Albania exhibit a wide variety of tax compliance levels, reflecting not only the effectiveness of their tax administrations but also taxpayer attitudes toward taxation and toward government in general. Attitudes affect intentions and intentions affect behaviour. Attitudes are formed in a social context by such factors as the perceived level of evasion, the perceived fairness of the tax structure, its complexity and stability, how it is administered, the value attached to government activities, and the legitimacy of government. Government policies affecting any of these factors may influence taxpayer attitudes and hence the observed level of taxpayer compliance. The measure sometimes recommended for situation with very low compliance levels, such as massive application of administrative penalties.

It is useful to think of the problem of tax administration at three levels, i.e. architecture, informatic technologhy and management.The first level concerns the design of the general legal framework, not only the substance of the tax laws to be administered but also a wide range of important procedural features. Once this general architectural design has been determined, the engineer takes over and sets up the specific organizational structure and operating rules for the tax administration. Finally, once the critical institutional infrastructure has been erected, the tax managers charged with actually administering the tax system can do their jobs.

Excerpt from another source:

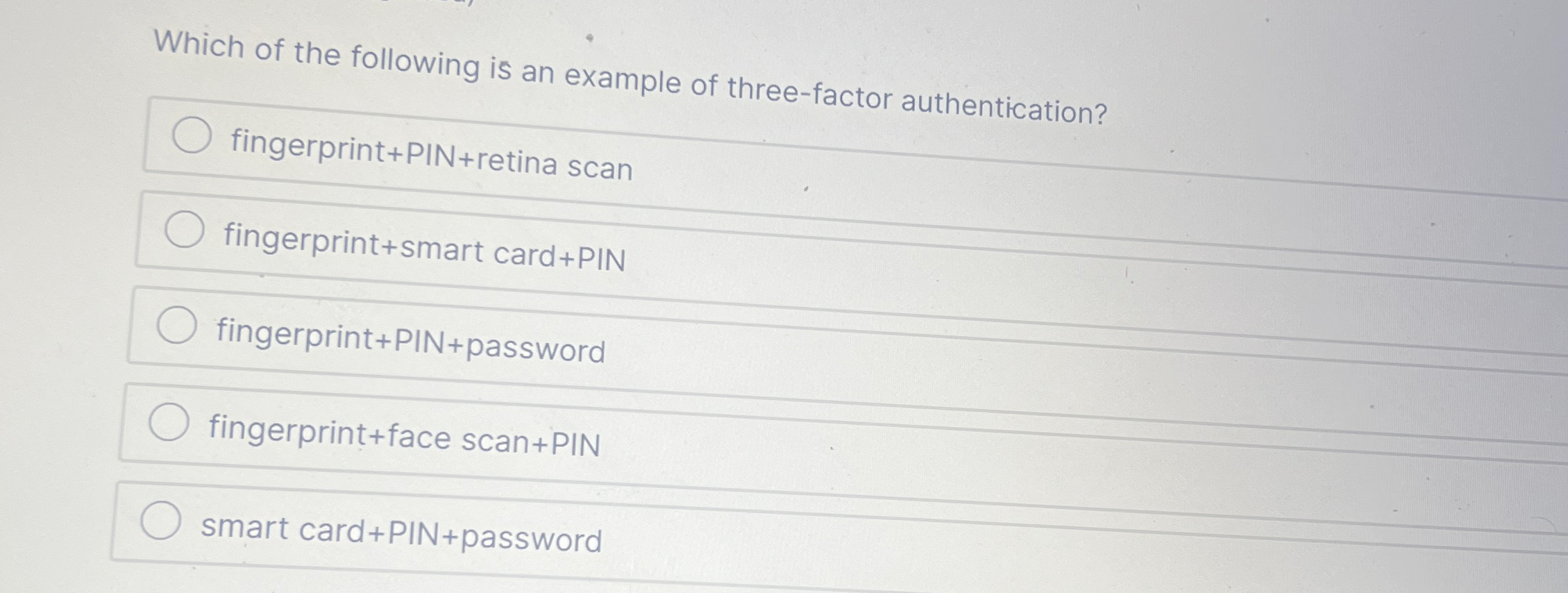 Which of the following is an example of three -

Complexity and its implications for tax administration is again a concern. Even the government can easily be overload tax administration with impossible tasks. The life of the tax administrator is made even more complicated by the propensity of many governments, reflecting in part the often unstable political and economic environment, to alter tax legislation annually or even more frequently.

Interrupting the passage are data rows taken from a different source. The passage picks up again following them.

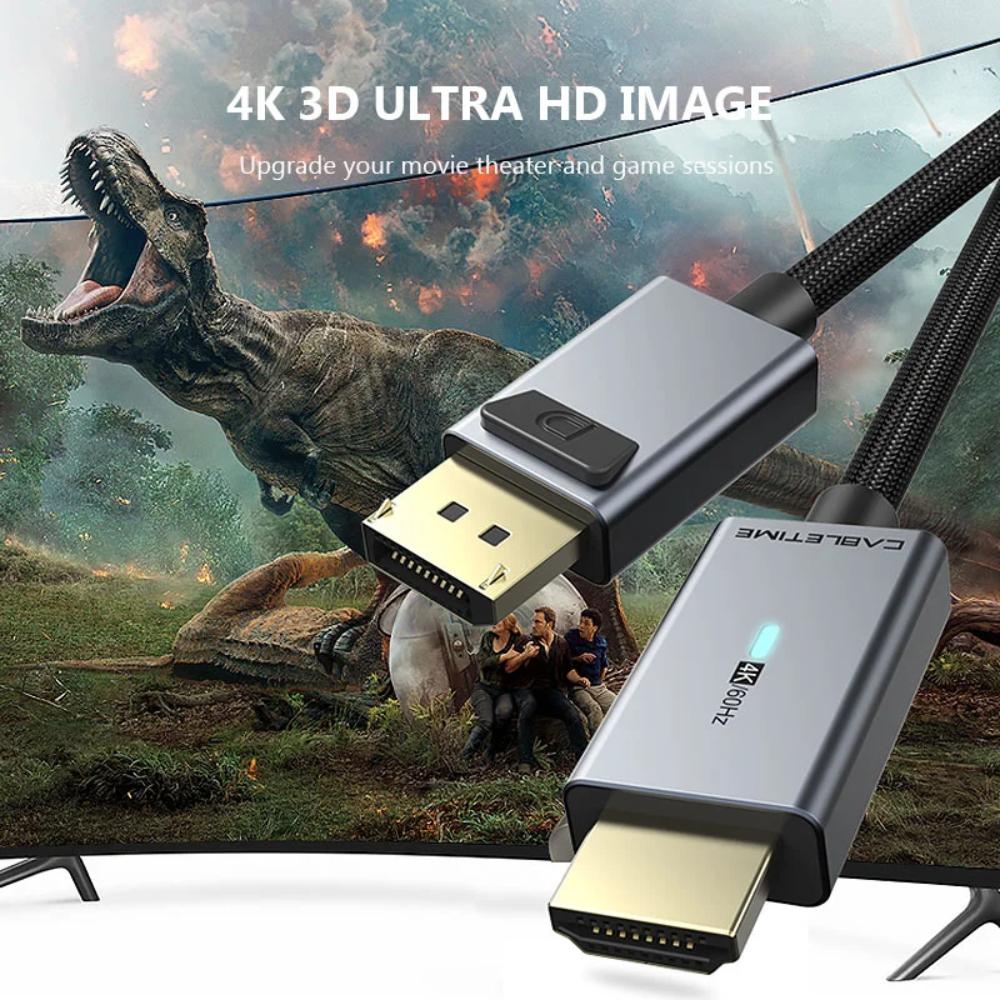 CABLETIME CD30K DisplayPort to HDMI Cable | 4K 60Hz UHD | DP to HDMI Converter Cable (1.8M)
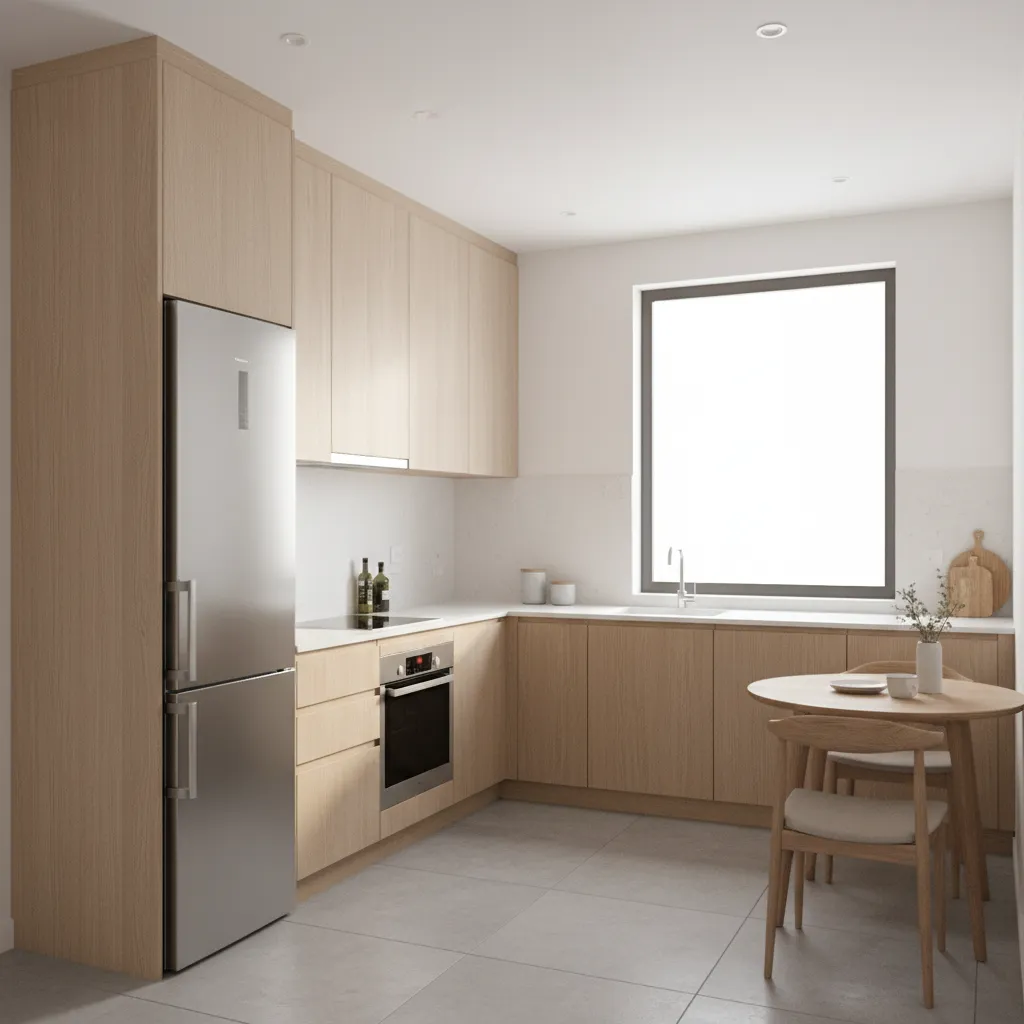 compact small modular kitchen with efficient cabinets and storage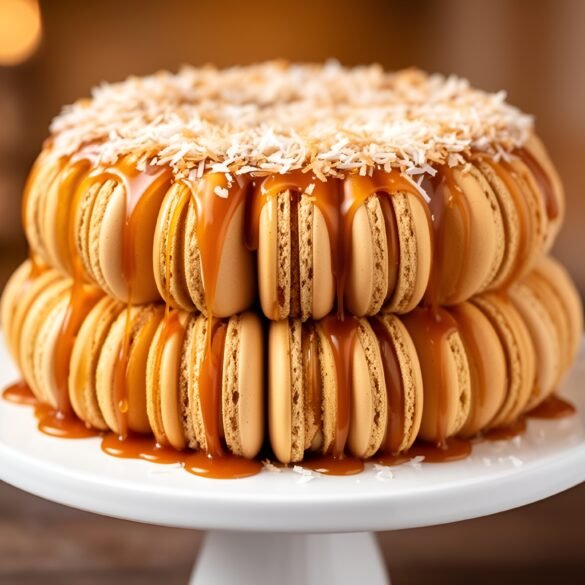Decadent Caramel-Infused Coconut Macaron Torte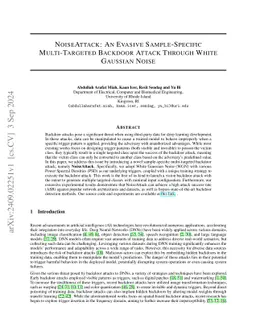NoiseAttack: An Evasive Sample-Specific Multi-Targeted Backdoor Attack
  Through White Gaussian Noise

Simple exhortations to “do better”, while cheap and with no investments, are of little use to resource-strapped administrators and can be considered as “impossibleMissions”.

Popular tax tool

A popular tax tool is to introduce widespread withholding, covering not only traditional items such as wages, interest and dividends but also extending to what is called “reverse withholding” in which purchasers (government agencies or large enterprises) “withhold” tax from sellers (small enterprises). Such widespread withholding is also no panacea. The tax administration must be able to control withholders to make sure they hand over to the Treasury the amounts withheld, and it must also be able to check whether the amounts taxpayers credit against their liabilities have in fact been withheld. The mere expansion of withholding will not improve compliance unless the administration is able to control both withholders and taxpayers subject to withholding.

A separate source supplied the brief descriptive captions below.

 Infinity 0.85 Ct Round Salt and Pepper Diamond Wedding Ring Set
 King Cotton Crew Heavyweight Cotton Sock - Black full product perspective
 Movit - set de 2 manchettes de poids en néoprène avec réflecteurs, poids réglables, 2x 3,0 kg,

In conclusion, the problem of tax administration reform is essentially how to alter the outcomes of administrative effort by appropriate investment in developing new legal and organizational frameworks, adopting new technology (computerization), and altering the allocation of managerial resources as leaderships and point of refements of tax system.

While it is difficult to conceive of a modern tax administration that can perform its tasks efficiently without using some form of computer technology, in many instances the expectation of greater effectiveness from computerization has not materialized. The more successful reforms did not merely involve computerizing antiquated processes. As much experience shows, successful computerization requires a fundamental reorganization in both systems and procedures and cannot be used to sidestep such needed reforms. Even the best computerized system will not produce useful results unless there are real incentives for tax administrators to utilize the system properly.